* _EXERCISE OBJECTIVE_:
Without a single alteration, write the listing out again.

* _DATA PROVIDED_:

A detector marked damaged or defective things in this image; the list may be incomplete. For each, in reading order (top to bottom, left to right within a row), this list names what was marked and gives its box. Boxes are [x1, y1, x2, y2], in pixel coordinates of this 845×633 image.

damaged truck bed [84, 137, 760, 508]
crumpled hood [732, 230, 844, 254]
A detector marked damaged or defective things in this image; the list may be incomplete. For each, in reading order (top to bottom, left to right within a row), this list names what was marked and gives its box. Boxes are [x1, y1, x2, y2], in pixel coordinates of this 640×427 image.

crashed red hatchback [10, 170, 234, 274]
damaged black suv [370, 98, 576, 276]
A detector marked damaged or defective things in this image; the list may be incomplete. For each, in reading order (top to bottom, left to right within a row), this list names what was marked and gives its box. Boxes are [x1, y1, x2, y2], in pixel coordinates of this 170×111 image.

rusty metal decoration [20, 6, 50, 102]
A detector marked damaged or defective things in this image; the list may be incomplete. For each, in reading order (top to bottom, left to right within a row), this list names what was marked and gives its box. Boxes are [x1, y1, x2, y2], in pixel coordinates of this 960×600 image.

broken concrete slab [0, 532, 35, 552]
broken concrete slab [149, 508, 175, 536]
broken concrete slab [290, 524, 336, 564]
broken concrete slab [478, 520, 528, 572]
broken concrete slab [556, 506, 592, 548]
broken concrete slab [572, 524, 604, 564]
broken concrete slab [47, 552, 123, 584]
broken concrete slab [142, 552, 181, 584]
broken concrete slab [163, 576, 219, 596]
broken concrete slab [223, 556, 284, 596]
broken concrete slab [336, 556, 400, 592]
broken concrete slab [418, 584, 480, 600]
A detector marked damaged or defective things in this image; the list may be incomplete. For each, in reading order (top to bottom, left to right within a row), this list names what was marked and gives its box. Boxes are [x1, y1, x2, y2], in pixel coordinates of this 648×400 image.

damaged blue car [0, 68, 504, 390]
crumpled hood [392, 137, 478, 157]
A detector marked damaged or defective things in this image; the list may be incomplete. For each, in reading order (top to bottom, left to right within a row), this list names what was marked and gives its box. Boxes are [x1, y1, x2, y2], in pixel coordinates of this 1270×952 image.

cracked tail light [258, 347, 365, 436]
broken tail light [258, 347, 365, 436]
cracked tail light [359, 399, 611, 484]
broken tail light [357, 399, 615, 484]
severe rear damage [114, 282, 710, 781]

* _TASK RESPONSE_:
A detector marked damaged or defective things in this image; the list may be incomplete. For each, in reading order (top to bottom, left to right within a row), this list names what was marked and gives its box. Boxes are [x1, y1, x2, y2], in pixel coordinates of this 845×633 image.

damaged truck bed [84, 137, 760, 508]
crumpled hood [732, 230, 844, 254]
A detector marked damaged or defective things in this image; the list may be incomplete. For each, in reading order (top to bottom, left to right within a row), this list names what was marked and gives its box. Boxes are [x1, y1, x2, y2], in pixel coordinates of this 640×427 image.

crashed red hatchback [10, 170, 234, 274]
damaged black suv [370, 98, 576, 276]
A detector marked damaged or defective things in this image; the list may be incomplete. For each, in reading order (top to bottom, left to right within a row), this list names what was marked and gives its box. Boxes are [x1, y1, x2, y2], in pixel coordinates of this 170×111 image.

rusty metal decoration [20, 6, 50, 102]
A detector marked damaged or defective things in this image; the list may be incomplete. For each, in reading order (top to bottom, left to right within a row), this list names what was marked and gives its box. Boxes are [x1, y1, x2, y2], in pixel coordinates of this 960×600 image.

broken concrete slab [0, 532, 35, 552]
broken concrete slab [149, 508, 175, 536]
broken concrete slab [290, 524, 336, 564]
broken concrete slab [478, 520, 528, 572]
broken concrete slab [556, 506, 592, 548]
broken concrete slab [572, 524, 604, 564]
broken concrete slab [47, 552, 123, 584]
broken concrete slab [142, 552, 181, 584]
broken concrete slab [163, 576, 219, 596]
broken concrete slab [223, 556, 284, 596]
broken concrete slab [336, 556, 400, 592]
broken concrete slab [418, 584, 480, 600]
A detector marked damaged or defective things in this image; the list may be incomplete. For each, in reading order (top to bottom, left to right within a row), this list names what was marked and gives its box. Boxes are [x1, y1, x2, y2], in pixel coordinates of this 648×400 image.

damaged blue car [0, 68, 504, 390]
crumpled hood [392, 137, 478, 157]
A detector marked damaged or defective things in this image; the list may be incomplete. For each, in reading order (top to bottom, left to right within a row), this list names what was marked and gives its box. Boxes are [x1, y1, x2, y2], in pixel coordinates of this 1270×952 image.

cracked tail light [258, 347, 365, 436]
broken tail light [258, 347, 365, 436]
cracked tail light [359, 399, 611, 484]
broken tail light [357, 399, 615, 484]
severe rear damage [114, 282, 710, 781]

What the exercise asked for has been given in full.